A distributed system for processing financial data using RabbitMQ, OpenAI's ChatGPT API, and MongoDB.
- Producer Service - A FastAPI service that accepts raw financial data and sends it to a RabbitMQ queue.
- Worker Service - Consumes messages from the queue, extracts structured financial data using the ChatGPT API, normalizes it, and stores it in MongoDB.
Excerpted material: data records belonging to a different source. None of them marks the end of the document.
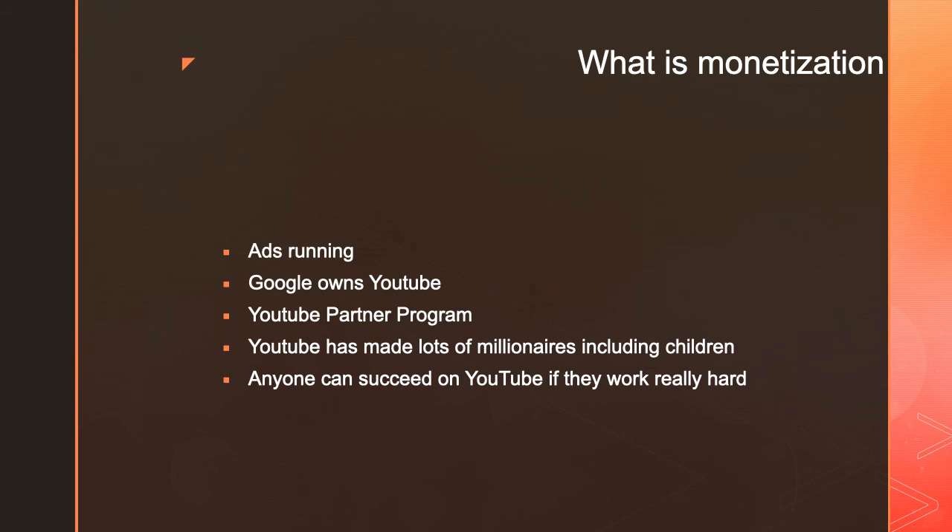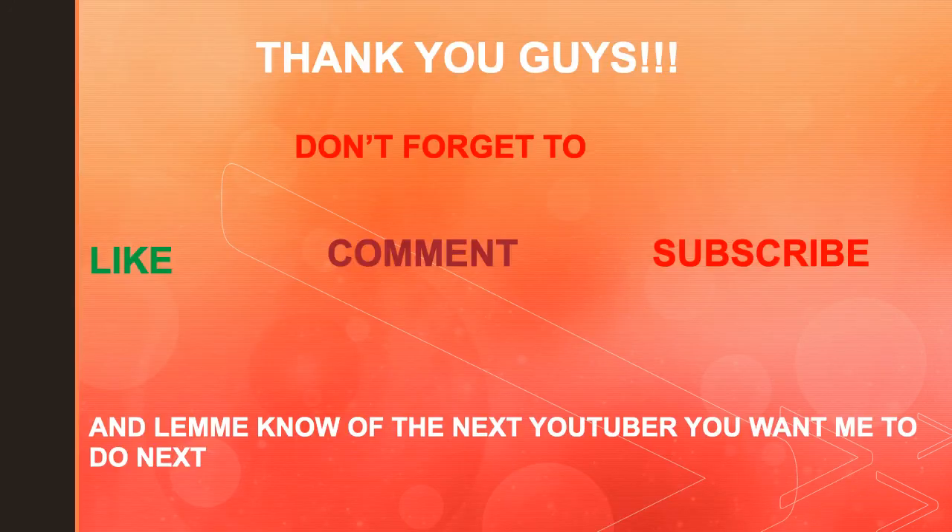Anyone can succeed on YouTube if they're willing to work really hard. Look at my own channel — when I started, I didn't think I'd be able to earn even 20,000 subscribers, and right now I have over 20,000. It just goes to show that anyone can succeed on YouTube as long as they're consistent and don't give up. Thanks everyone — don't forget to like, comment, and subscribe, and let me know the next YouTuber you want me to cover.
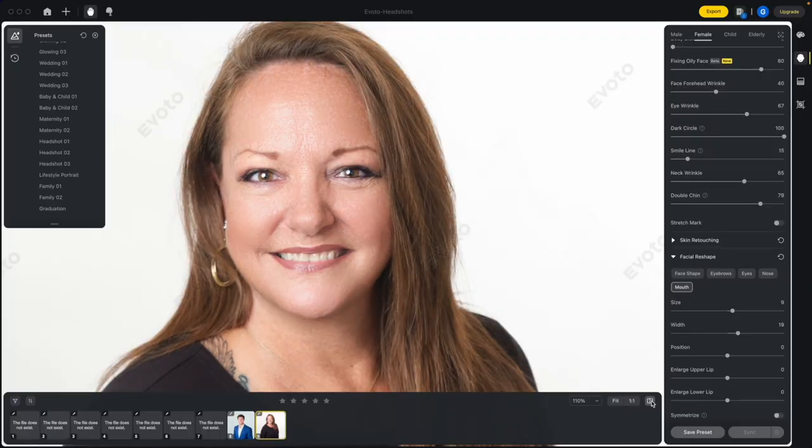For me, that is worth the price of admission. I just did some headshots in the studio — they're going to be done within 20 minutes and I'm going to move on. That is software worth investing in.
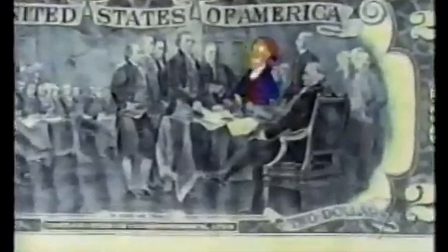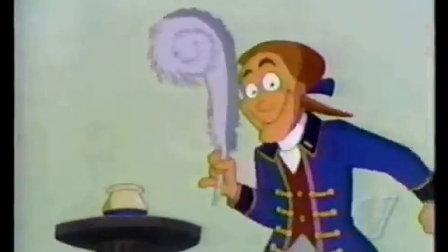The President of the Continental Congress and the first signer of the Declaration of Independence in 1776 — John Hancock.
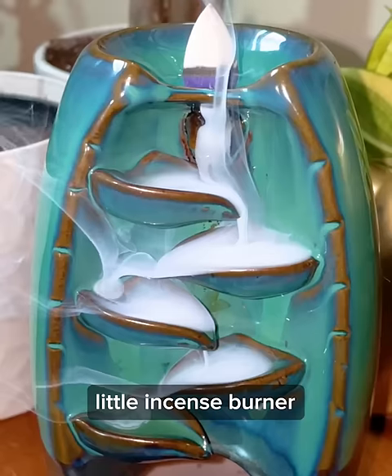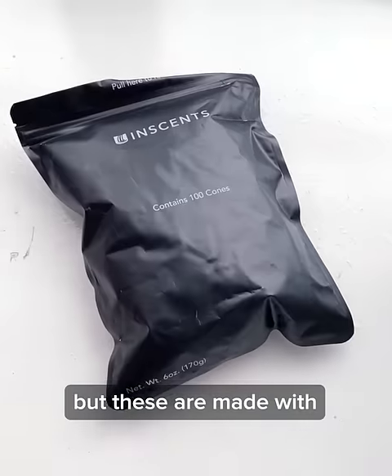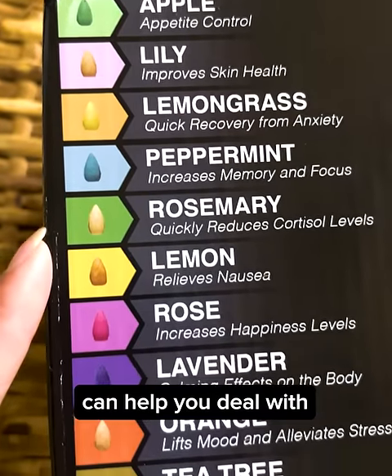At first I thought it was just a cute little incense burner, but these are made with plant-based essential oils and each scent can help you deal with different...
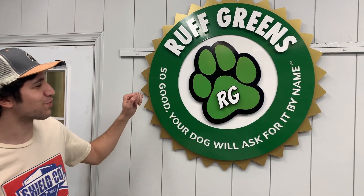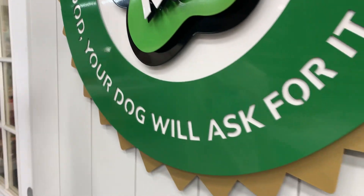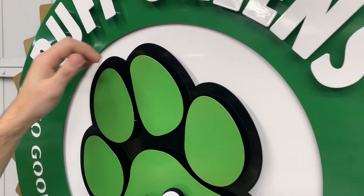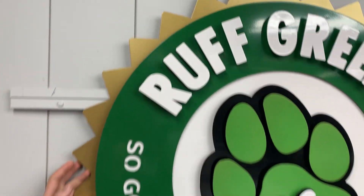Hey, Vinny here showing off this awesome rough green sign we just finished. This has a great selection of some of our powder coat colors and our durable powder coating. We have this brilliant green, black, white, green, and gold here.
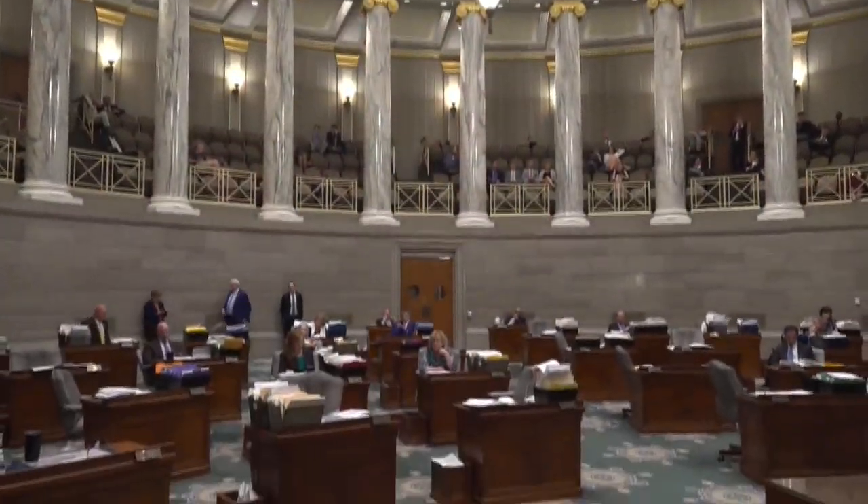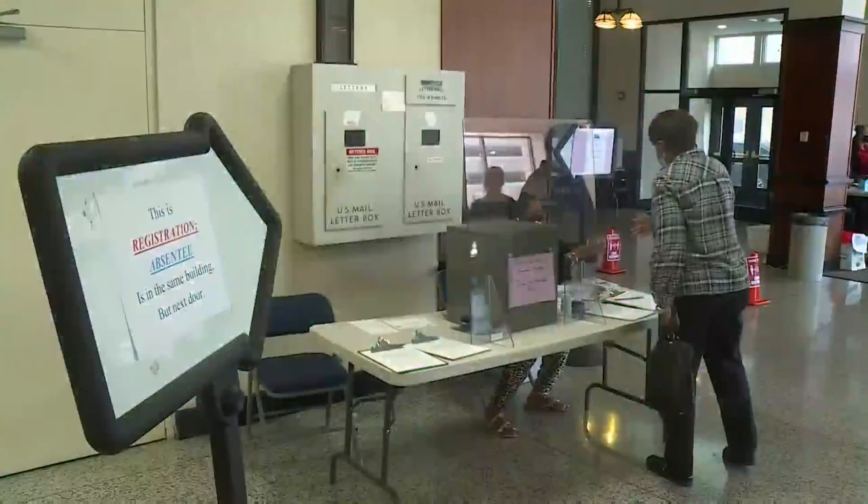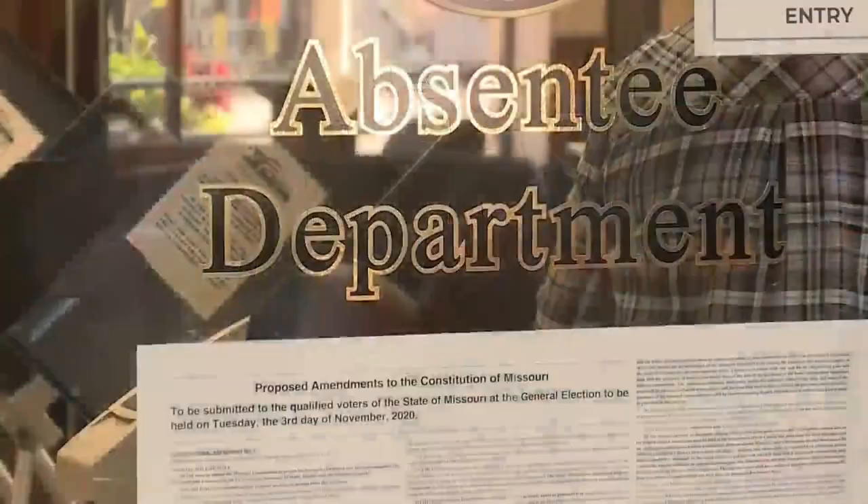Democrats in the Senate were also able to add their provision, allowing two weeks of no-excuse absentee voting. 'We knew it was a top priority, and we tried to do the very best we could without absolutely getting something horrible shoved down our throat, which was a real possibility.'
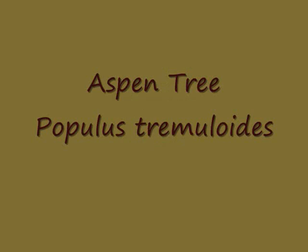The aspen tree, genus name Populus, species name Tremuloides.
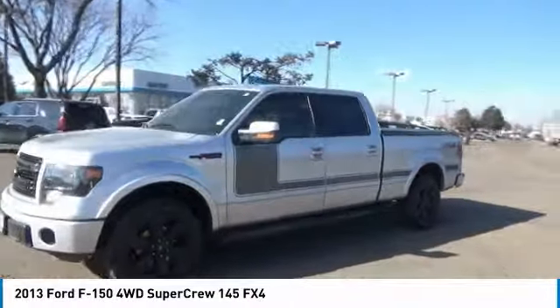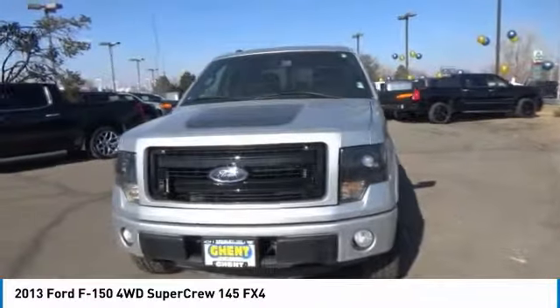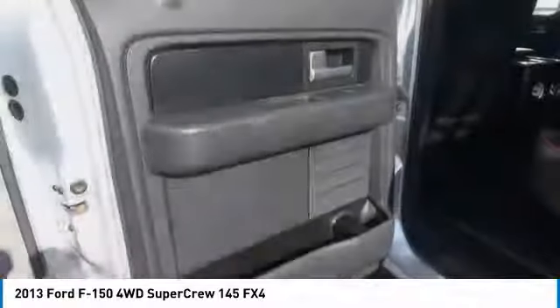Driver lumbar, power steering, cruise control, four-wheel ABS. Drive away with a great deal on this vehicle. Call or stop in today.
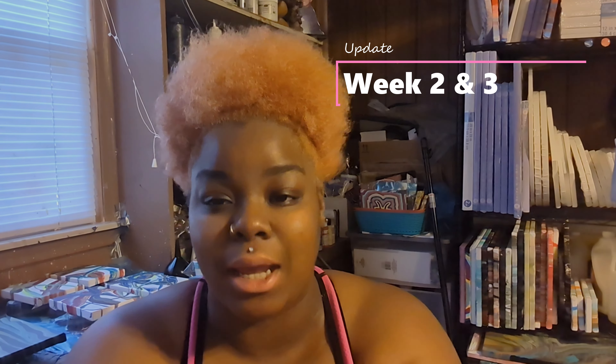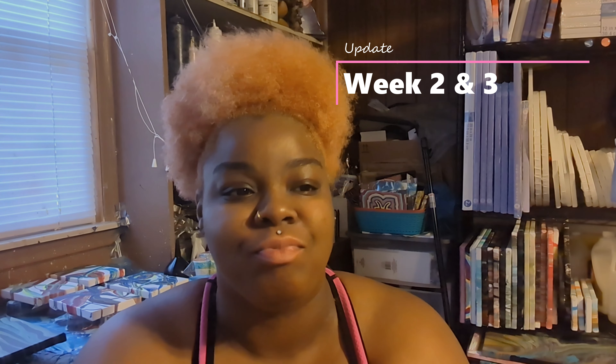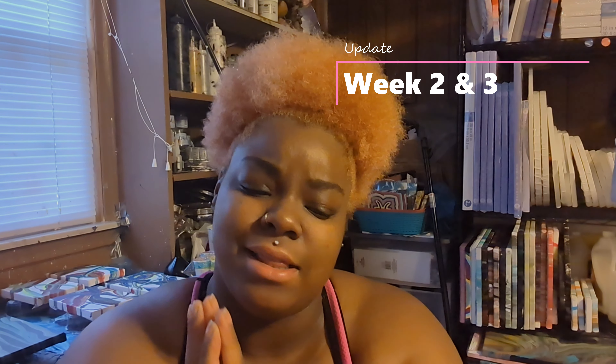Hello everybody, we are back for a quick update. The last time you saw my face, I was about a week and a half deep into the challenge. Now we are technically three weeks deep into the challenge. I wanted to do weekly updates, but we're here now.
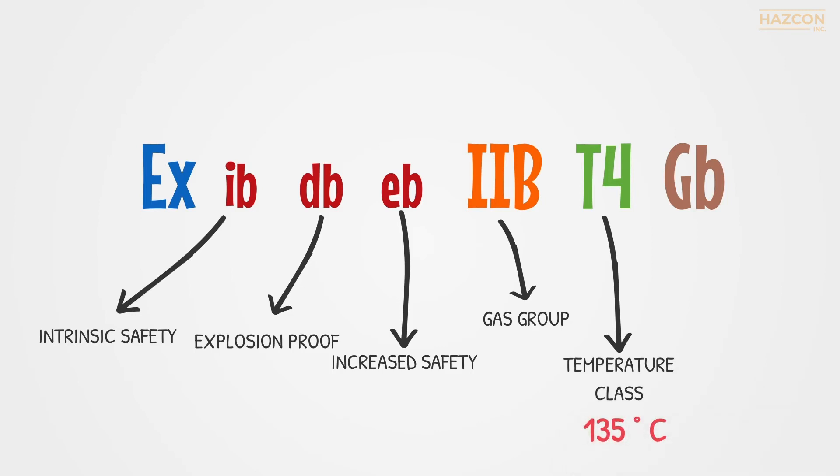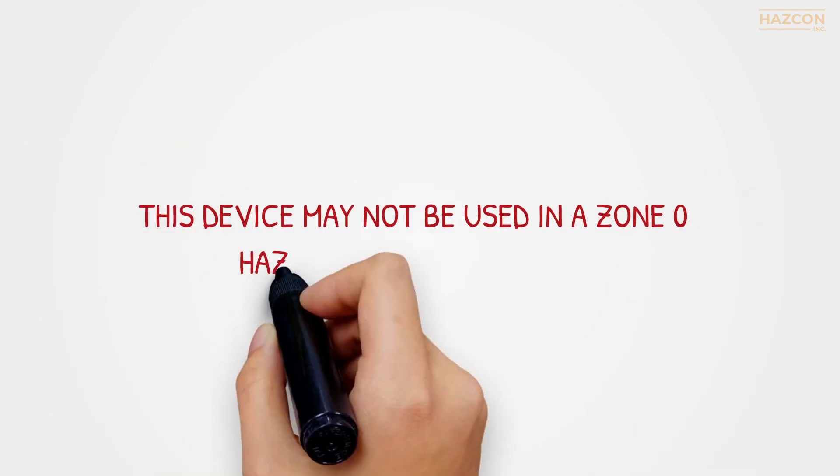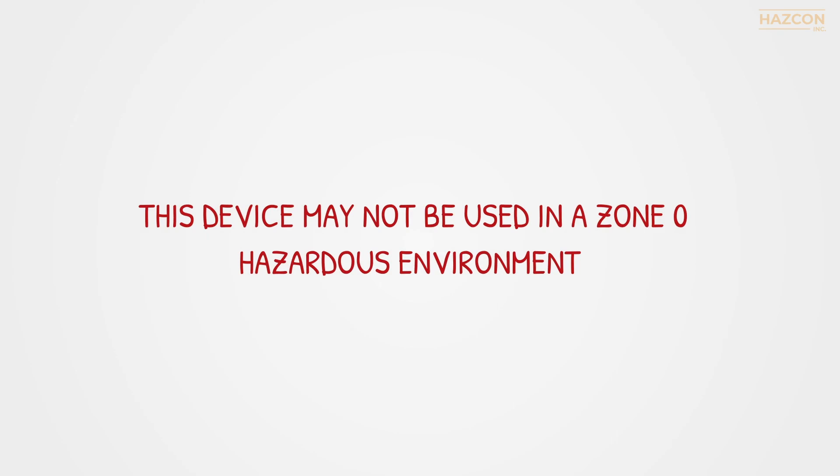The last important feature of the marking is the EPL Gb, which tells us that this product is permitted to be installed in a Zone 1 or Zone 2 area. Given this marking, we should remember that this device may not be used in a Zone 0 hazardous environment.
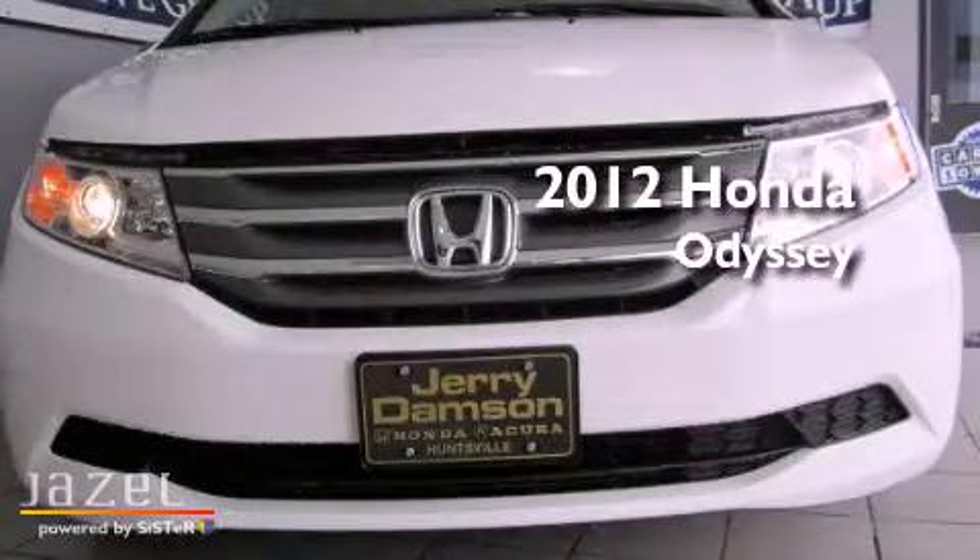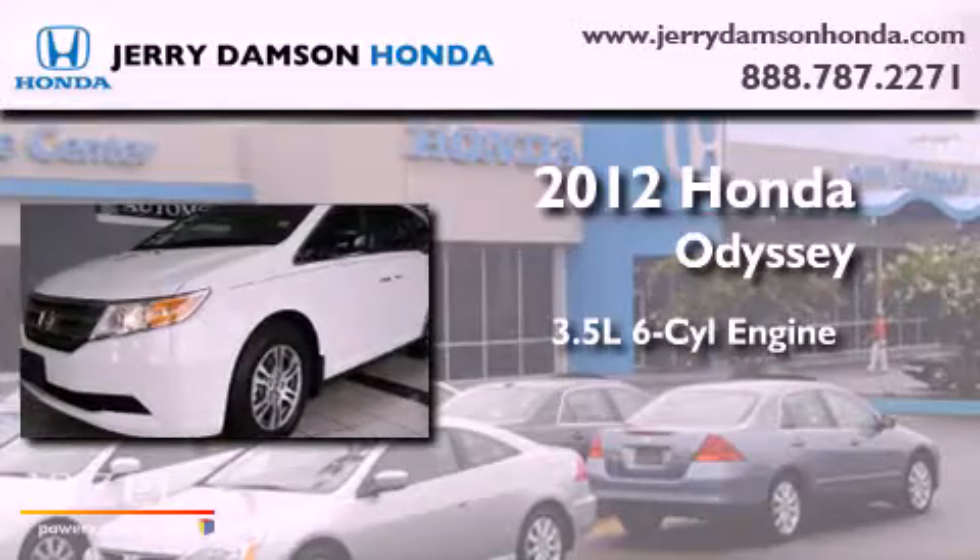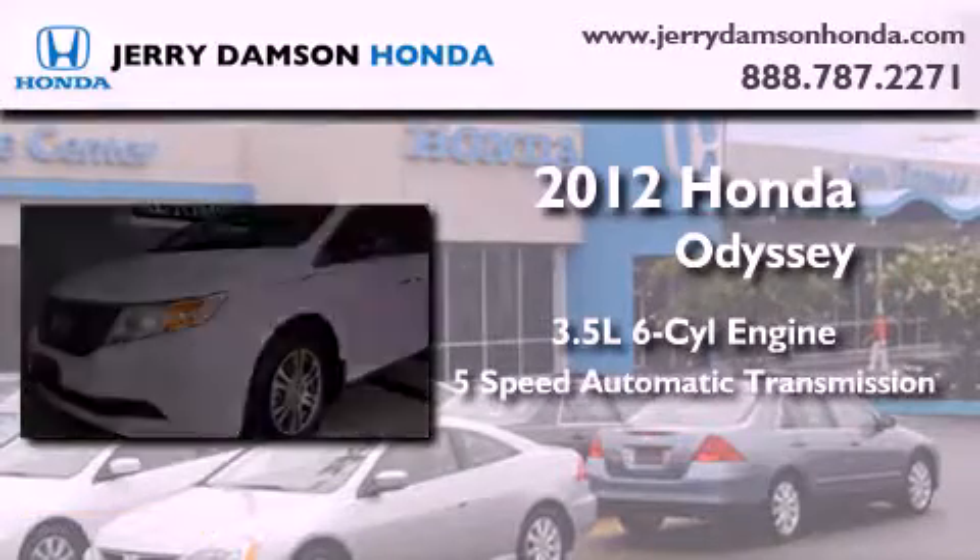This is a brand-new 2012 Honda Odyssey. It has a 3.5-liter six-cylinder engine and a five-speed automatic transmission.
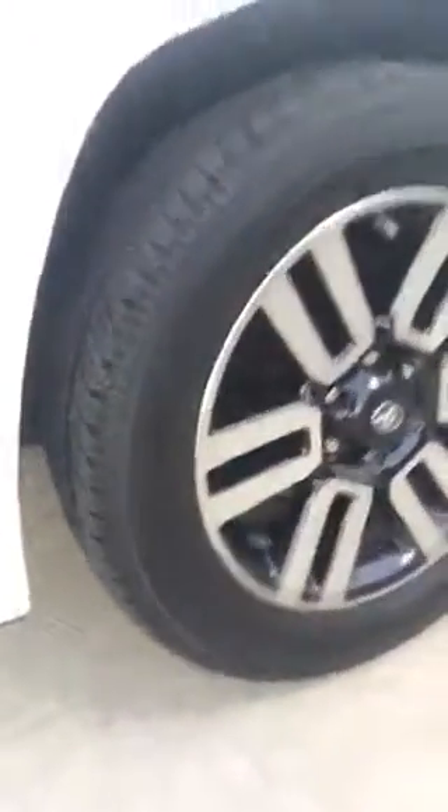You also have your running boards. And back here you have this window that does go down at the press of a button, so you always have this as well if you want to hook anything to it. You have your tires — brand new. I'm going to make sure I show you all four so you can see that none of the rims have been damaged, and there are no scratches whatsoever.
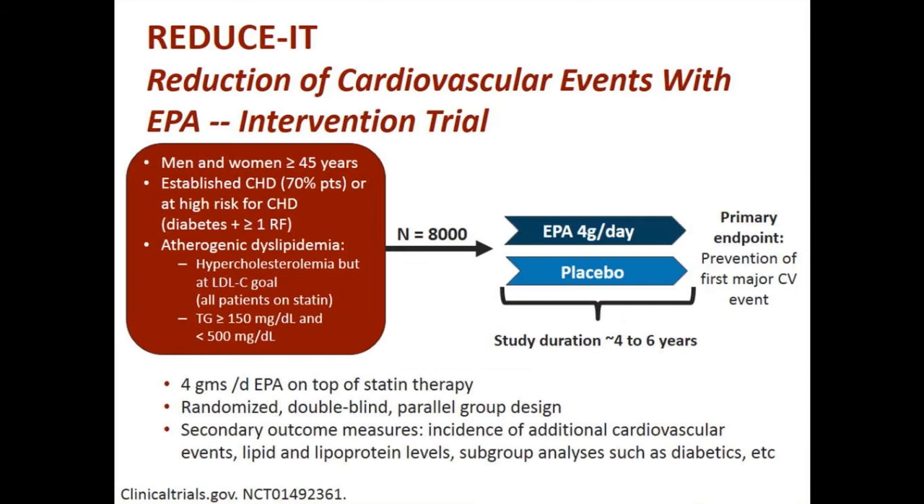On top of statin-based therapy, there is an anxiously awaited trial of 4 grams of fish oil compared to placebo in high-risk individuals — men and women 45 and older with established coronary heart disease — to answer the question of whether a statin plus high-dose fish oil is better than a statin alone. Currently there is no evidence for fish oils in reducing ASCVD or in addition to a statin.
- Database Storage - MongoDB for storing the extracted and normalized financial data.
- Python 3.9+
- RabbitMQ as the message broker
- FastAPI for the producer service
- Pika for interacting with RabbitMQ
- OpenAI's ChatGPT API for financial data extraction
- Pymongo for MongoDB interaction
- Docker for containerization
-
Clone the repository:
git clone https://github.com/kaldun-tech/distributed-financial-processing.git cd distributed-financial-processing
-
Set up a virtual environment (recommended):
# On Windows python -m venv venv venv\Scripts\activate # On macOS/Linux python -m venv venv source venv/bin/activate
-
Install dependencies:
pip install -r requirements.txt
-
Set up environment variables (see
.env.example
):# Copy the example file and edit with your values cp .env.example .env
-
Start RabbitMQ and MongoDB (using Docker Compose):
docker-compose up -d
-
Start the producer service:
python -m producer.main
-
Start the worker service:
python -m worker.main
POST /api/v1/financial-data/submit
- Submit raw financial data for processing
The repository includes a test client for interacting with the API:
# Submit default sample text
python test_client.py
# Submit custom text
python test_client.py --text "Apple Inc. reported revenue of $89.5 billion for Q4 2023."
# Use sample data from a CSV file (processes all rows by default)
python test_client.py --file data/sample_data.csv
# Use a specific row from the CSV file
python test_client.py --file data/sample_data.csv --row 3
# Select a random row from the CSV file
python test_client.py --file data/sample_data.csv --random
When running the test client without arguments, it will look for the default sample file (data/sample_data.csv
) and process all rows. If the file doesn't exist, it will use a default sample text.
The data
directory contains sample financial data for testing:
sample_data.csv
- Contains various financial statements for testing the system
The CSV file has a simple format with a header row and one column containing the raw financial text:
raw_text
"Acme Inc reported a operating profit of 30.5 million AUD for Q3 2024."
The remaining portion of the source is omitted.